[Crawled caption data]
⟨
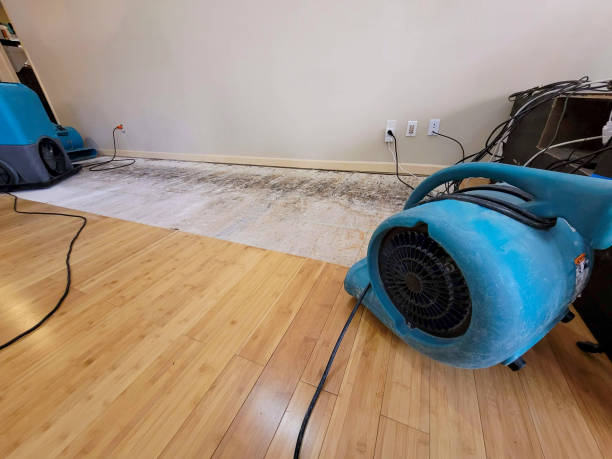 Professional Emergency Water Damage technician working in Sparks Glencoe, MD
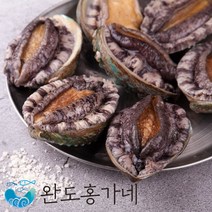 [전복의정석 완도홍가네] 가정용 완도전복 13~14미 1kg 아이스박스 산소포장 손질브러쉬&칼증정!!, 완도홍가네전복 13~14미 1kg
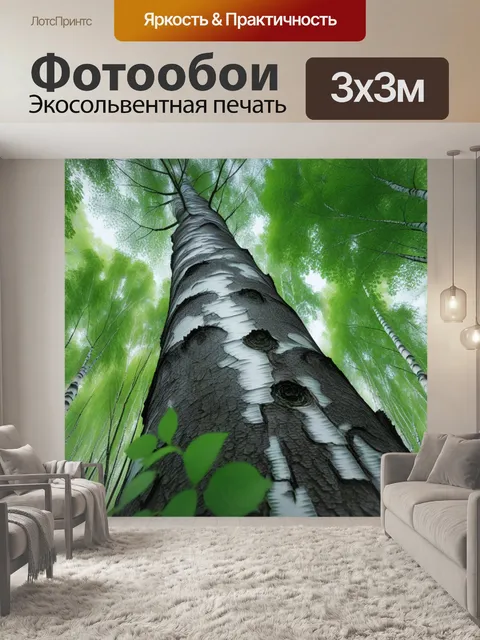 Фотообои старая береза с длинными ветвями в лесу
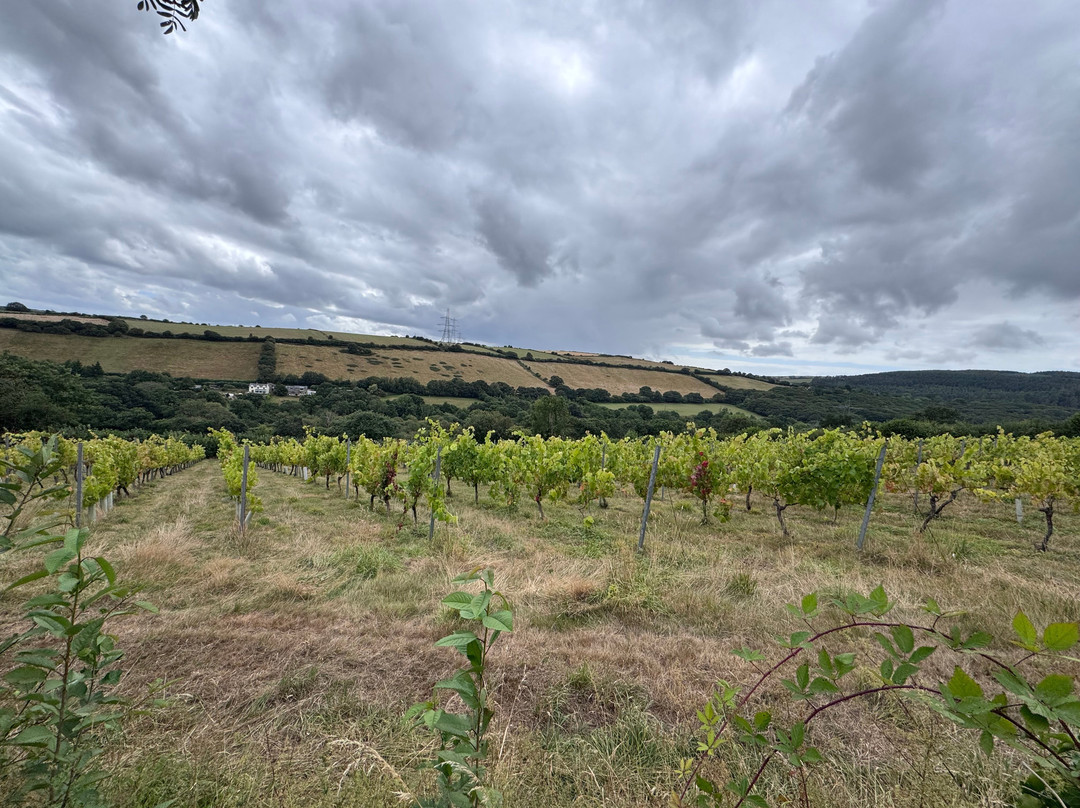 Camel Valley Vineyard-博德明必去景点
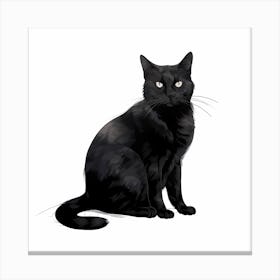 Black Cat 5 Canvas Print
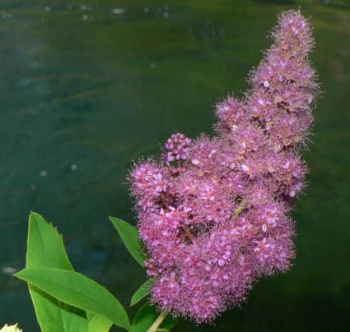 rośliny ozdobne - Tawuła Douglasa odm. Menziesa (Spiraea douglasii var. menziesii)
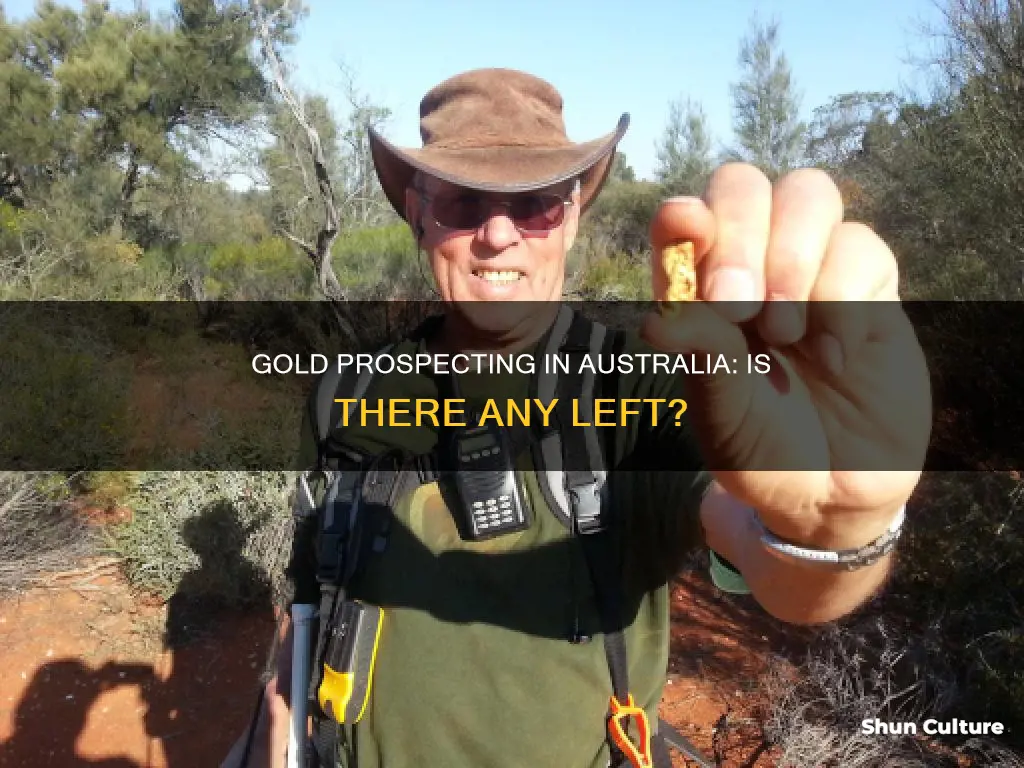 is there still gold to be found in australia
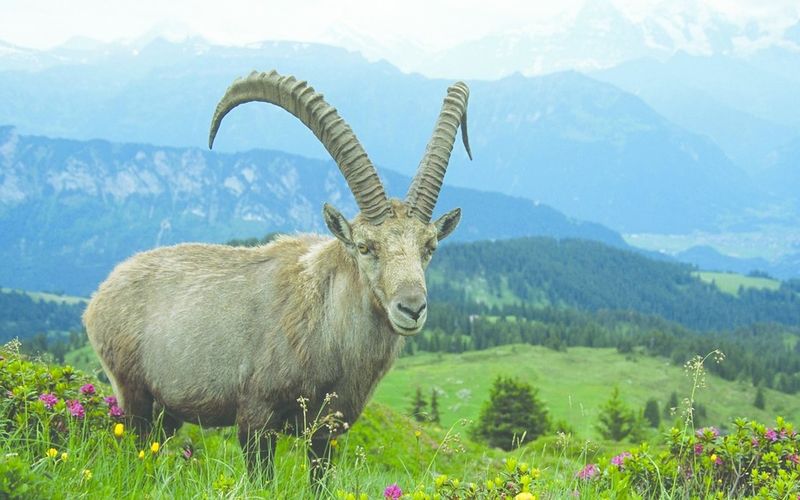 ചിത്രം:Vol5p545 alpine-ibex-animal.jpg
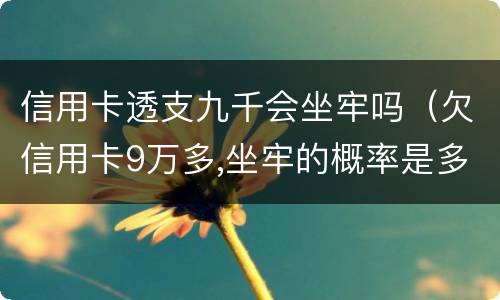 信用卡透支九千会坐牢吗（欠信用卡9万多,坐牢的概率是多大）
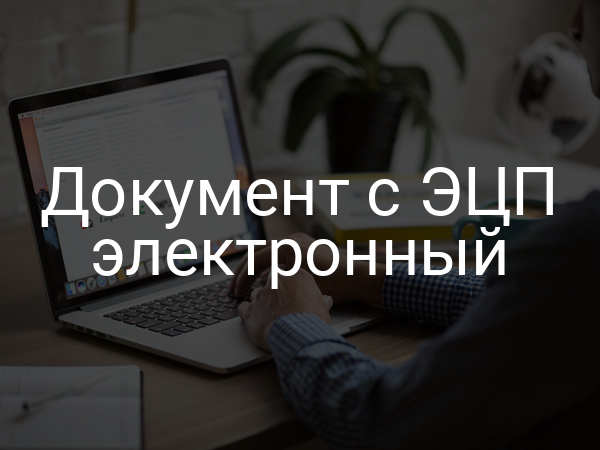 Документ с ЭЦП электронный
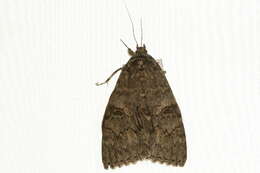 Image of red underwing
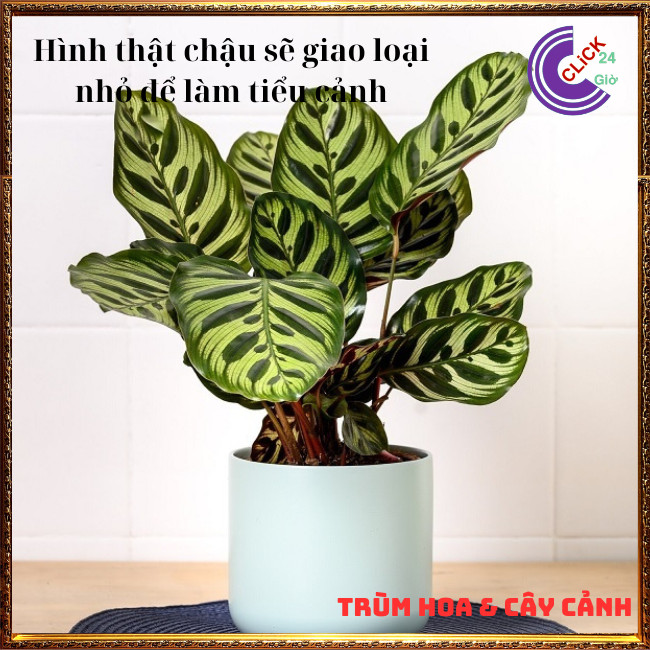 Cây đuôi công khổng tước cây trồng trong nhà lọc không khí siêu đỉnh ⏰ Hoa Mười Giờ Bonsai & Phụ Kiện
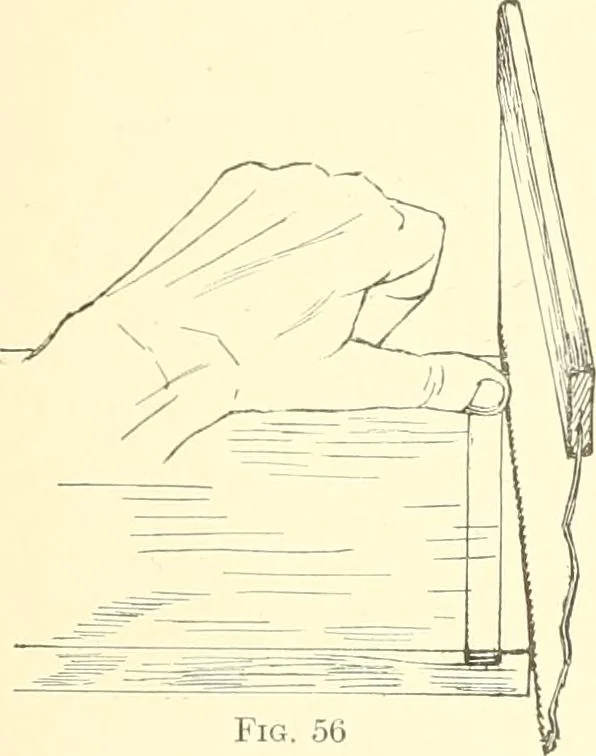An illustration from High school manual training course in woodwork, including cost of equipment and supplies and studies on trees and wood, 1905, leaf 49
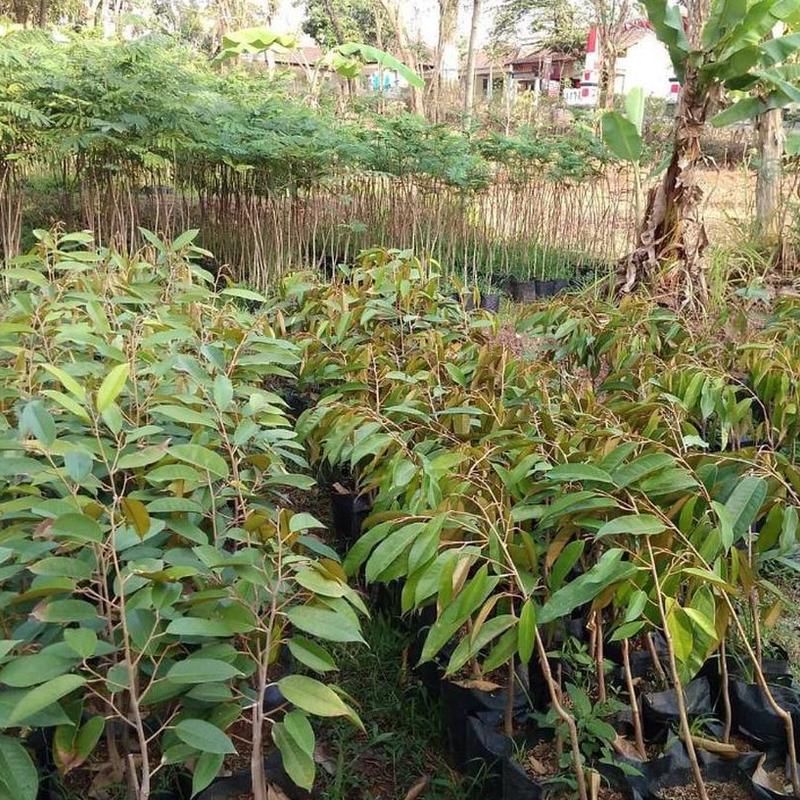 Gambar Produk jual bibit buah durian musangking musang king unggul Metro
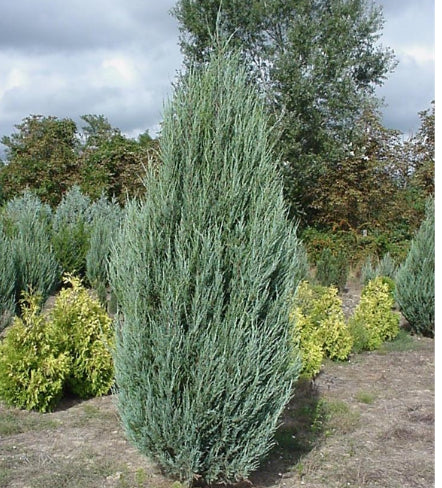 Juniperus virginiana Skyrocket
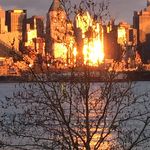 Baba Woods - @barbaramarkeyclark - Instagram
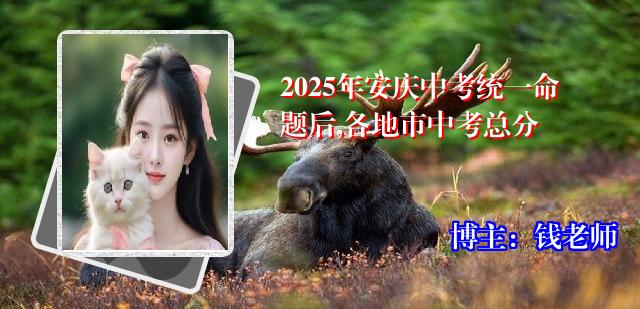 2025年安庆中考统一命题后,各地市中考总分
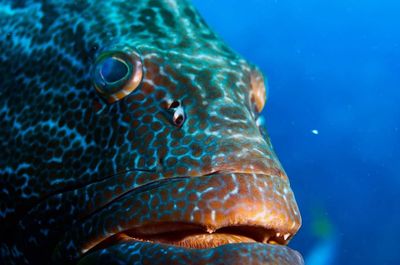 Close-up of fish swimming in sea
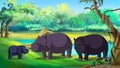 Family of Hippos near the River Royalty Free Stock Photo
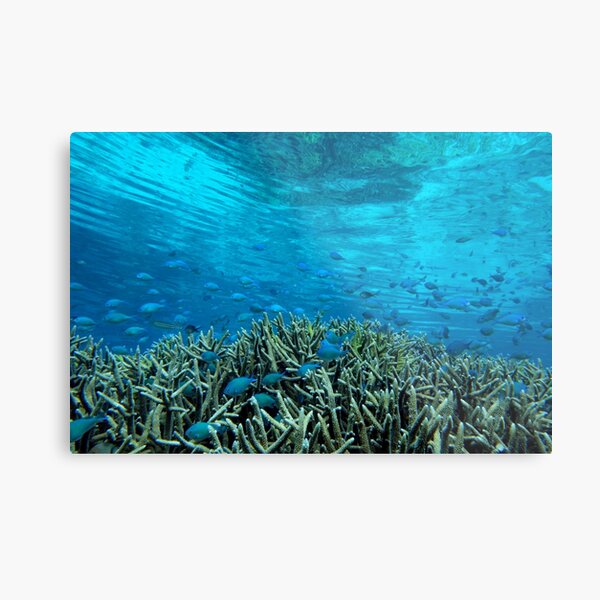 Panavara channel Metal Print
⟩
## Exercise description
In your copy, include no pictures; print every line above exactly.

## Task answer
 Professional Emergency Water Damage technician working in Sparks Glencoe, MD
 [전복의정석 완도홍가네] 가정용 완도전복 13~14미 1kg 아이스박스 산소포장 손질브러쉬&칼증정!!, 완도홍가네전복 13~14미 1kg
 Фотообои старая береза с длинными ветвями в лесу
 Camel Valley Vineyard-博德明必去景点
 Black Cat 5 Canvas Print
 rośliny ozdobne - Tawuła Douglasa odm. Menziesa (Spiraea douglasii var. menziesii)
 is there still gold to be found in australia
 ചിത്രം:Vol5p545 alpine-ibex-animal.jpg
 信用卡透支九千会坐牢吗（欠信用卡9万多,坐牢的概率是多大）
 Документ с ЭЦП электронный
 Image of red underwing
 Cây đuôi công khổng tước cây trồng trong nhà lọc không khí siêu đỉnh ⏰ Hoa Mười Giờ Bonsai & Phụ Kiện
An illustration from High school manual training course in woodwork, including cost of equipment and supplies and studies on trees and wood, 1905, leaf 49
 Gambar Produk jual bibit buah durian musangking musang king unggul Metro
 Juniperus virginiana Skyrocket
 Baba Woods - @barbaramarkeyclark - Instagram
 2025年安庆中考统一命题后,各地市中考总分
 Close-up of fish swimming in sea
 Family of Hippos near the River Royalty Free Stock Photo
 Panavara channel Metal Print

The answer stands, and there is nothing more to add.